A malicious prompt is hidden inside a customer email. The AI agent reads it, bypasses the intended workflow, and calls the core banking API directly, updating a corporate record without human approval. The audit log shows it happened. It does not show which agent did it, who authorized it, or that no one did. The core banking API doesn’t do any validation whether the request has required scope to call it, nor whether the token was even intended for it as the audience.
A practical fix with an existing standard, and likely, infrastructure most enterprises already have: use OAuth 2.0 to give each AI agent its own identity — so permissions are enforced at the API layer, and every action is auditable.
The Scenario: Corporate Name Change
To understand the gap, consider a scenario that many banks in Singapore handle regularly.

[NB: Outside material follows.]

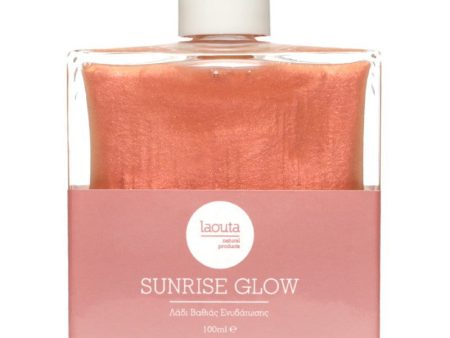 Drėkinamasis, švytėjimo kūnui suteikiantis aliejus Laouta Hydrating Body Dry Oil Sunrise Glow LAO0007, praturtinas migdolų ir alyvuogių aliejais, 100 ml Online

A corporate customer wants to update their company name following a company name change. The customer emails the required documents — including the ACRA BizFile certificate — to their bank’s customer service representative.
The bank has deployed a Gen AI system to assist the customer service representative with such requests. When the email is forwarded to the system, three AI agents are involved:
- A reasoning agent reads the email and detects the intent — “corporate name change request.” It decides which downstream agents to call. It doesn’t access customer records or documents; it only classifies and routes.
- A document parsing agent extracts the key fields from the ACRA certificate — old name, new name, UEN, effective date — and produces a structured form for the officer to review against the original. No human approval needed here.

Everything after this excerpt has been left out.